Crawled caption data

-=-=-

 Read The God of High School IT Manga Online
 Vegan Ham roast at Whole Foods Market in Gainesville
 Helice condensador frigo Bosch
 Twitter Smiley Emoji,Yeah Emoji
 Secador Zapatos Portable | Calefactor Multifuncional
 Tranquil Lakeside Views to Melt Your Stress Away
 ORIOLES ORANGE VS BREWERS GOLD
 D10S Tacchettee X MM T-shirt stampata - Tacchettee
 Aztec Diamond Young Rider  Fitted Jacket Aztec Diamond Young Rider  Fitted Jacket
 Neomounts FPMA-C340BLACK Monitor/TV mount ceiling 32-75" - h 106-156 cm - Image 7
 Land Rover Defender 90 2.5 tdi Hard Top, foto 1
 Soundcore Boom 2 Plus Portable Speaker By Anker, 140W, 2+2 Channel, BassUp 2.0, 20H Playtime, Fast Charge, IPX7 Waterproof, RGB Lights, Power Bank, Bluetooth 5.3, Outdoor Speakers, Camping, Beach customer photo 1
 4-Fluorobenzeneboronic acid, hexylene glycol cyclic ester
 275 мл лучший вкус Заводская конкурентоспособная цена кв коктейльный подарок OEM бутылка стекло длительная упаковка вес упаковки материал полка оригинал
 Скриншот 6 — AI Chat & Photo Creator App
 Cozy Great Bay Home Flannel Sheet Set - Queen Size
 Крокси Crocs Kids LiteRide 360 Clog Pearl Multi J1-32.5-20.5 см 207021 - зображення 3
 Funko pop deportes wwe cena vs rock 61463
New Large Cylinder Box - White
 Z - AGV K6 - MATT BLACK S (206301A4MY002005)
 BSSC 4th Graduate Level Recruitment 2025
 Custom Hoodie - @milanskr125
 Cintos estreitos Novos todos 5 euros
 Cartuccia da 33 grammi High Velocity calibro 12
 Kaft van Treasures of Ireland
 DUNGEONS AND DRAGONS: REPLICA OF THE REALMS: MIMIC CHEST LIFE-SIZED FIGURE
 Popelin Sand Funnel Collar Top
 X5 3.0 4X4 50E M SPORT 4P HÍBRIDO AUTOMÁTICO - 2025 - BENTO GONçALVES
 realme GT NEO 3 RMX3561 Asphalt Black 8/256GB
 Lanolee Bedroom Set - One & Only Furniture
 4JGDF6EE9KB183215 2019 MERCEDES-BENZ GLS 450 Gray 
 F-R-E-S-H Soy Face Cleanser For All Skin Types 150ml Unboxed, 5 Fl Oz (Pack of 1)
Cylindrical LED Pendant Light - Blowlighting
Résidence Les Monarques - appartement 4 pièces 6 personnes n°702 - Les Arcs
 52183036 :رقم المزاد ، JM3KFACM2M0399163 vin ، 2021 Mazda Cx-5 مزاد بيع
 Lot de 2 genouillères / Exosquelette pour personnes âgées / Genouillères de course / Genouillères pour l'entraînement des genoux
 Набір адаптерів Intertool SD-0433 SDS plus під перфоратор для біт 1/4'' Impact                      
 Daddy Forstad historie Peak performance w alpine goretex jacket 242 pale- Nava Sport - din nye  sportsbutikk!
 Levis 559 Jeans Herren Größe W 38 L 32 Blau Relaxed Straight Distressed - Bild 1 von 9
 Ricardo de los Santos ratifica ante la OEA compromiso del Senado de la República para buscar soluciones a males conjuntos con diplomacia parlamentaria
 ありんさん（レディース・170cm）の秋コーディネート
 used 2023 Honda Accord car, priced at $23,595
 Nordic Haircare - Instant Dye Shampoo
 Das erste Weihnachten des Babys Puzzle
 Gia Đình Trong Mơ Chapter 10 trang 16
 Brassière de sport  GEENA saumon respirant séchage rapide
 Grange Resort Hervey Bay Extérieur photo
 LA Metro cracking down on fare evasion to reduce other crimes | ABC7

-=-=-

Nothing in the records may be dropped; reproduce them exactly.

 Read The God of High School IT Manga Online
 Vegan Ham roast at Whole Foods Market in Gainesville
 Helice condensador frigo Bosch
 Twitter Smiley Emoji,Yeah Emoji
 Secador Zapatos Portable | Calefactor Multifuncional
 Tranquil Lakeside Views to Melt Your Stress Away
 ORIOLES ORANGE VS BREWERS GOLD
 D10S Tacchettee X MM T-shirt stampata - Tacchettee
 Aztec Diamond Young Rider  Fitted Jacket Aztec Diamond Young Rider  Fitted Jacket
 Neomounts FPMA-C340BLACK Monitor/TV mount ceiling 32-75" - h 106-156 cm - Image 7
 Land Rover Defender 90 2.5 tdi Hard Top, foto 1
 Soundcore Boom 2 Plus Portable Speaker By Anker, 140W, 2+2 Channel, BassUp 2.0, 20H Playtime, Fast Charge, IPX7 Waterproof, RGB Lights, Power Bank, Bluetooth 5.3, Outdoor Speakers, Camping, Beach customer photo 1
 4-Fluorobenzeneboronic acid, hexylene glycol cyclic ester
 275 мл лучший вкус Заводская конкурентоспособная цена кв коктейльный подарок OEM бутылка стекло длительная упаковка вес упаковки материал полка оригинал
 Скриншот 6 — AI Chat & Photo Creator App
 Cozy Great Bay Home Flannel Sheet Set - Queen Size
 Крокси Crocs Kids LiteRide 360 Clog Pearl Multi J1-32.5-20.5 см 207021 - зображення 3
 Funko pop deportes wwe cena vs rock 61463
New Large Cylinder Box - White
 Z - AGV K6 - MATT BLACK S (206301A4MY002005)
 BSSC 4th Graduate Level Recruitment 2025
 Custom Hoodie - @milanskr125
 Cintos estreitos Novos todos 5 euros
 Cartuccia da 33 grammi High Velocity calibro 12
 Kaft van Treasures of Ireland
 DUNGEONS AND DRAGONS: REPLICA OF THE REALMS: MIMIC CHEST LIFE-SIZED FIGURE
 Popelin Sand Funnel Collar Top
 X5 3.0 4X4 50E M SPORT 4P HÍBRIDO AUTOMÁTICO - 2025 - BENTO GONçALVES
 realme GT NEO 3 RMX3561 Asphalt Black 8/256GB
 Lanolee Bedroom Set - One & Only Furniture
 4JGDF6EE9KB183215 2019 MERCEDES-BENZ GLS 450 Gray 
 F-R-E-S-H Soy Face Cleanser For All Skin Types 150ml Unboxed, 5 Fl Oz (Pack of 1)
Cylindrical LED Pendant Light - Blowlighting
Résidence Les Monarques - appartement 4 pièces 6 personnes n°702 - Les Arcs
 52183036 :رقم المزاد ، JM3KFACM2M0399163 vin ، 2021 Mazda Cx-5 مزاد بيع
 Lot de 2 genouillères / Exosquelette pour personnes âgées / Genouillères de course / Genouillères pour l'entraînement des genoux
 Набір адаптерів Intertool SD-0433 SDS plus під перфоратор для біт 1/4'' Impact                      
 Daddy Forstad historie Peak performance w alpine goretex jacket 242 pale- Nava Sport - din nye  sportsbutikk!
 Levis 559 Jeans Herren Größe W 38 L 32 Blau Relaxed Straight Distressed - Bild 1 von 9
 Ricardo de los Santos ratifica ante la OEA compromiso del Senado de la República para buscar soluciones a males conjuntos con diplomacia parlamentaria
 ありんさん（レディース・170cm）の秋コーディネート
 used 2023 Honda Accord car, priced at $23,595
 Nordic Haircare - Instant Dye Shampoo
 Das erste Weihnachten des Babys Puzzle
 Gia Đình Trong Mơ Chapter 10 trang 16
 Brassière de sport  GEENA saumon respirant séchage rapide
 Grange Resort Hervey Bay Extérieur photo
 LA Metro cracking down on fare evasion to reduce other crimes | ABC7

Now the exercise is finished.